First of all, thanks for the reply! Setting the correct model color mode did indeed help. Our model was BGR, but even then the results were drastically different from what we got from Opencv. Our app seemed to be much worse, even with the tracker in the pipeline.

Yesterday I found out that I’d missed the anchor/mask settings in the yolo module.
We had them in the cfg file, but from what I understood, the custom yolo implementation overrides the settings from the config.

Specifically I mean this function here:

extern "C" bool NvDsInferParseCustomYoloV3Tiny(
    std::vector<NvDsInferLayerInfo> const& outputLayersInfo,
    NvDsInferNetworkInfo const& networkInfo,
    NvDsInferParseDetectionParams const& detectionParams,
    std::vector<NvDsInferParseObjectInfo>& objectList)
{
    static const std::vector<float> kANCHORS = {
        10, 14, 23, 27, 37, 58, 81, 82, 135, 169, 344, 319};
    static const std::vector<std::vector<int>> kMASKS = {
        {3, 4, 5},
        //{0, 1, 2}}; // as per output result, select {1,2,3}
        {1, 2, 3}};

    return NvDsInferParseYoloV3 (
        outputLayersInfo, networkInfo, detectionParams, objectList,
        kANCHORS, kMASKS);
}

Our cfg seems to use 345 and 012 for mask values, so when I changed the commented-out part to {0, 1, 2} the results have gotten much, much better.

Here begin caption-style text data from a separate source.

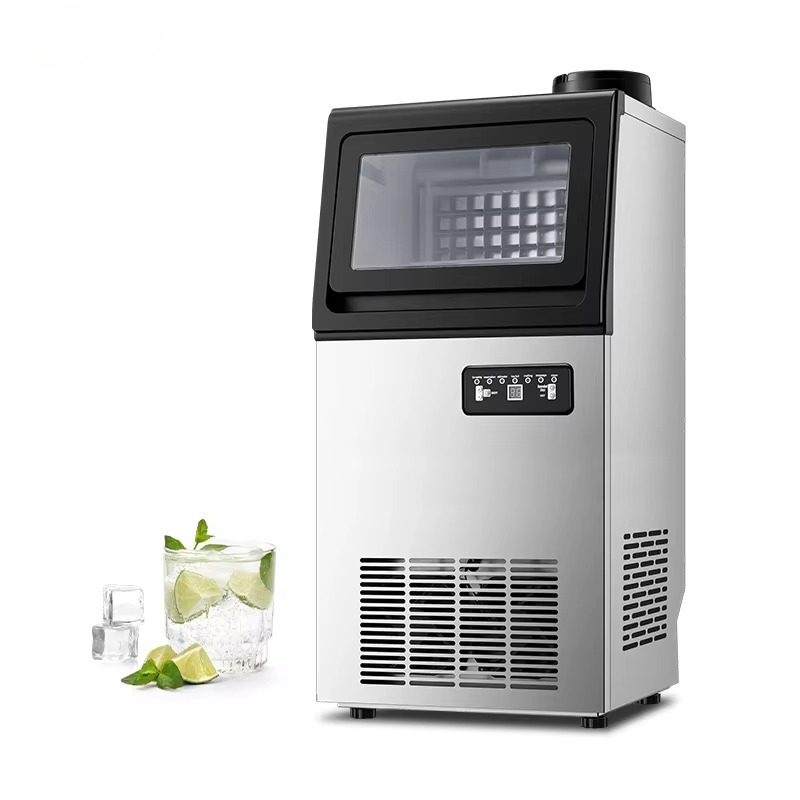 Industrial Ice Making Machine  - Commercial Ice Maker Air Cooled recension och pris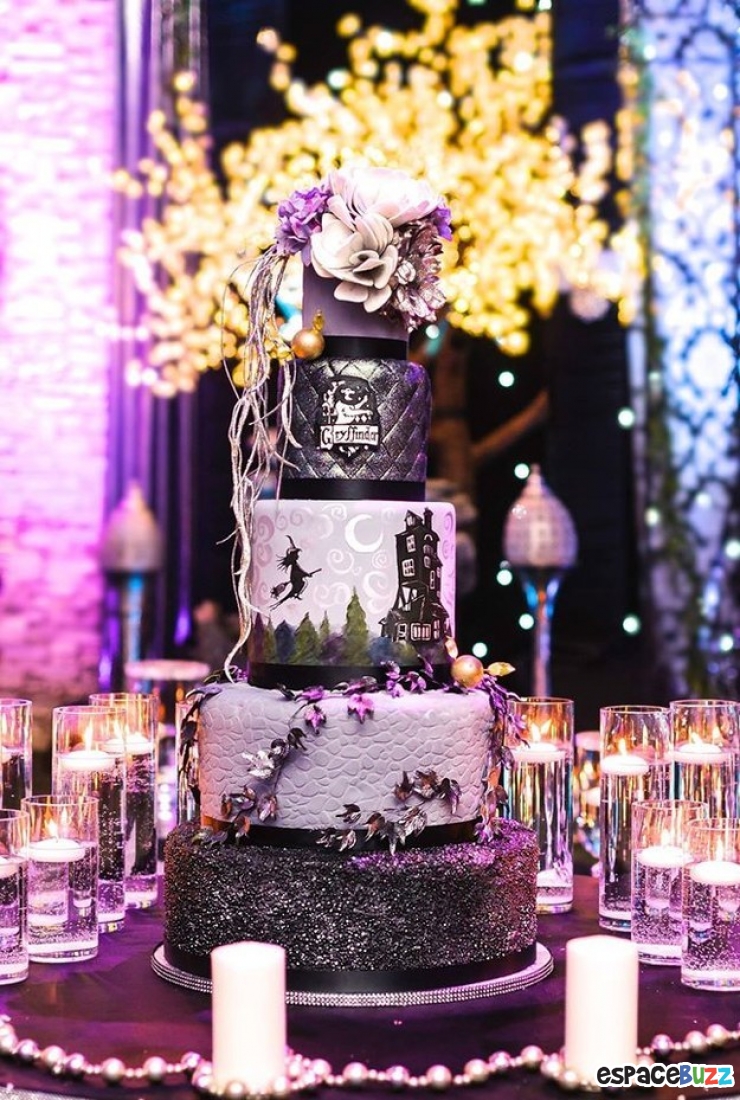 Illustration de l'article : Top 10 des gâteaux de mariage les plus Geek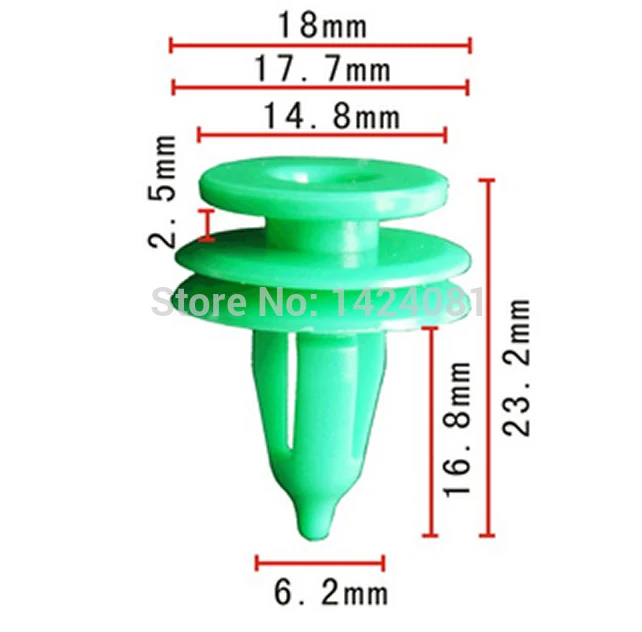 

30pcs Door Trim Panel Clips Retainer For Jeep Grand Cherokee WJ For Dodge Stratus Chrysler Cirrus Breeze 6503204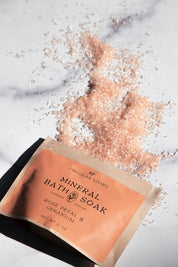 Mineral Bath Soak (Rose Petal & Geranium)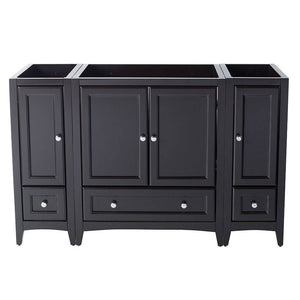 Fresca FCB20-123012ES Oxford 54" Espresso Traditional Bathroom Cabinets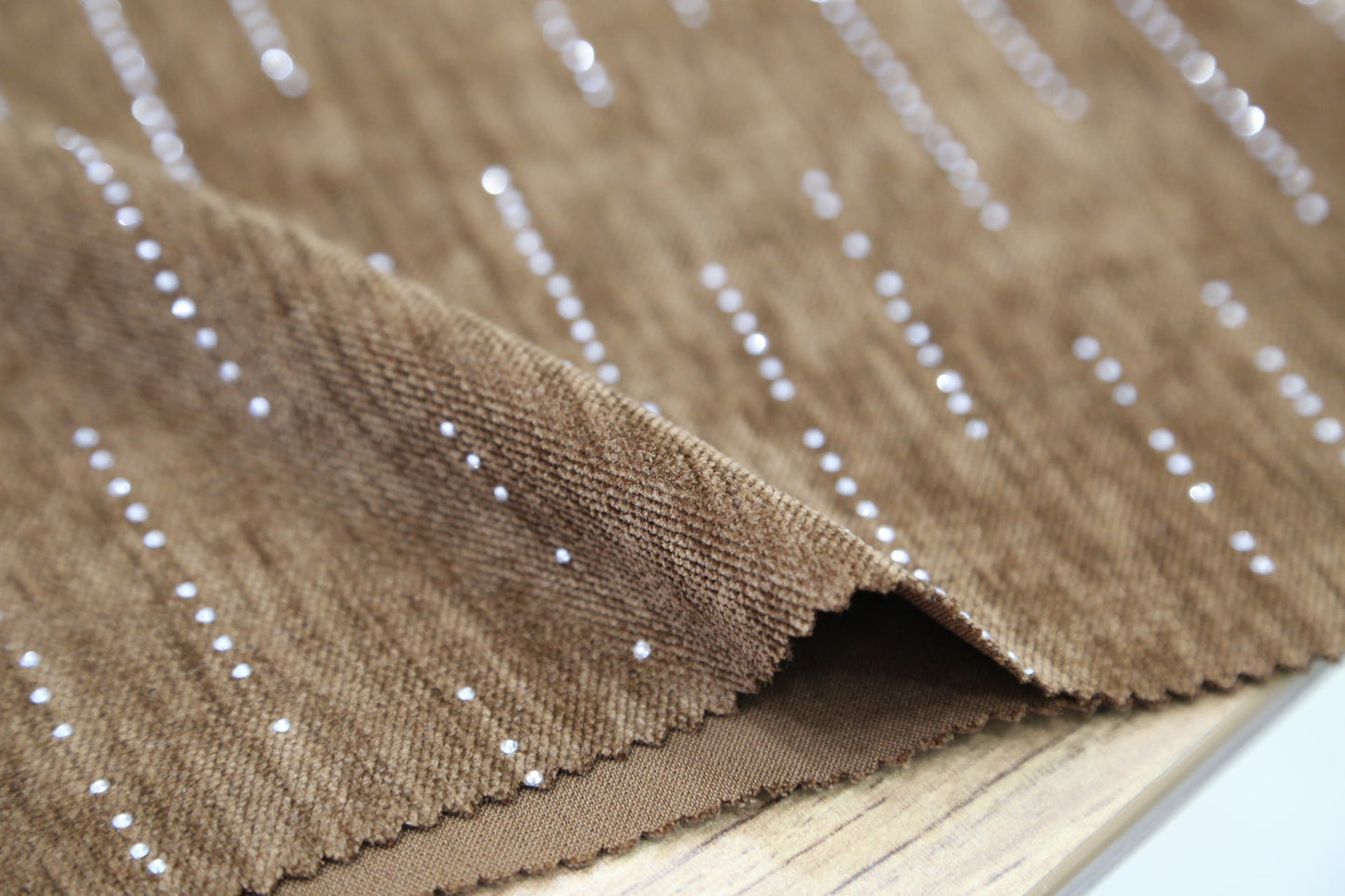 Autumn/Winter Collection -Chenille fabric-Glitter craftsmanship Joomme Fabric Shop
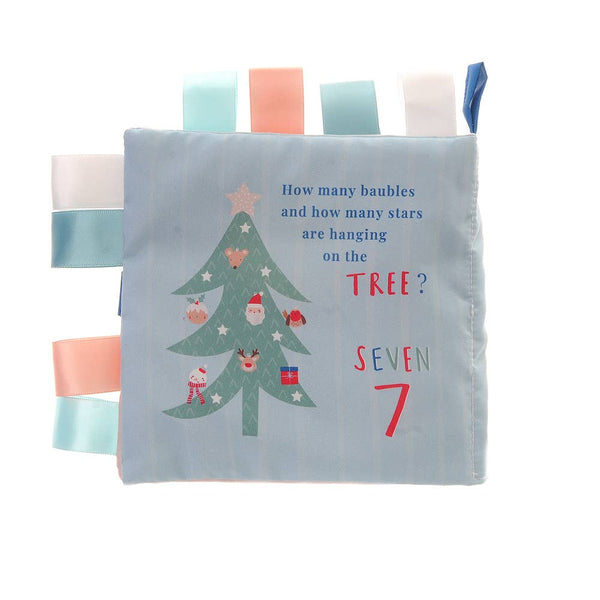 Christmas Counting Soft Book - Wee Bambino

Now, Opencv’s results are comparable, but they are still different somehow. We can probably work with that, but we wanted to ask if maybe we’d missed something else? I’ve done everything from Custom_YOLO_Model_in_the_DeepStream_YOLO_App.pdf to set up our model.

Maybe you cold point us to other things we should check?

It’s not that we want things to be identical to Opencv, we just want the detection to work. I guess another thing that I want to know is if we can expect completely identical results in different yolo implementations, provided that we use same configs and weights. Or some deviations are possible?

Thanks!

Hi,

Maybe you can also check these parameters:

static bool NvDsInferParseYoloV3()
{
    ## Bounding box overlap Threshold
    const float kNMS_THRESH = 0.5f;
    const float kPROB_THRESH = 0.7f;
    ## Predicted boxes
    const uint kNUM_BBOXES = 3;
}

Thanks.

Hi, we also test YoloV3 pre-train on Coco dataset, and get different result.
Deepstream - use sample deep stream-app with defaults parameters
Code for dnn version I attach in the end of post.

Up picture result from dnn, down picture result from deep stream. Person in car in deep stream version doesn’t recognize.

This is link for google drive with python script, deep stream cfg, YoloModel
https://drive.google.com/drive/folders/1T5VyBY0j6lX0wlwdItTRlHN9vi505IR9?usp=sharing

What need to do? to take the same result with deep stream?

As aasta mentioned have you made sure the thresholds used for opencv case and deepstream are the same ?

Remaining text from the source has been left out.